• **Data listing**:
━━━━━━━━━━━━━━━━━━━━

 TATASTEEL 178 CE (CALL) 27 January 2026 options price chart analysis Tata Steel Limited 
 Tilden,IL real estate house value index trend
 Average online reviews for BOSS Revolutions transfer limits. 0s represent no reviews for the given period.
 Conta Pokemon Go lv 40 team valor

━━━━━━━━━━━━━━━━━━━━

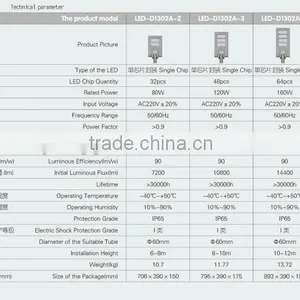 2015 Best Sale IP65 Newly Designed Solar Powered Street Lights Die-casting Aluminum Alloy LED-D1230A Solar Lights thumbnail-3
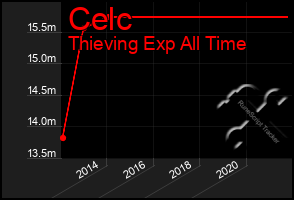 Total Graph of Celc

━━━━━━━━━━━━━━━━━━━━

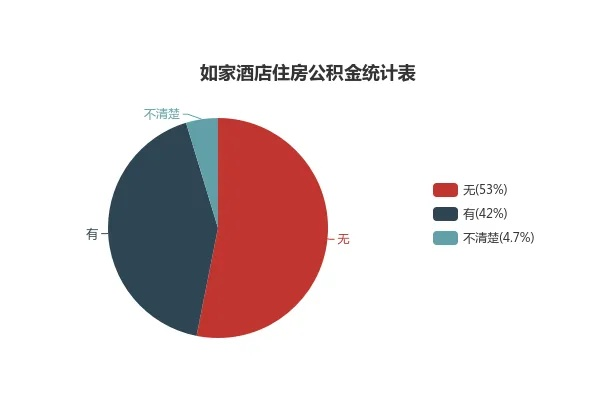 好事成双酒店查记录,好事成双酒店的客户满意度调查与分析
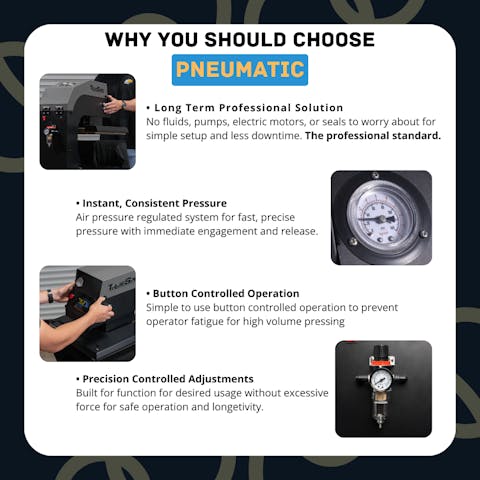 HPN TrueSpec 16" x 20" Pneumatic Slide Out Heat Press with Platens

━━━━━━━━━━━━━━━━━━━━

• **Work to be completed**:
Find the line with "Tilden,IL real estate" in the entries above. Retype it and each line after it, exactly, through the line with "Conta Pokemon Go lv 40 team valor", and stop there.

• **Output for this exercise**:
 Tilden,IL real estate house value index trend
 Average online reviews for BOSS Revolutions transfer limits. 0s represent no reviews for the given period.
 Conta Pokemon Go lv 40 team valor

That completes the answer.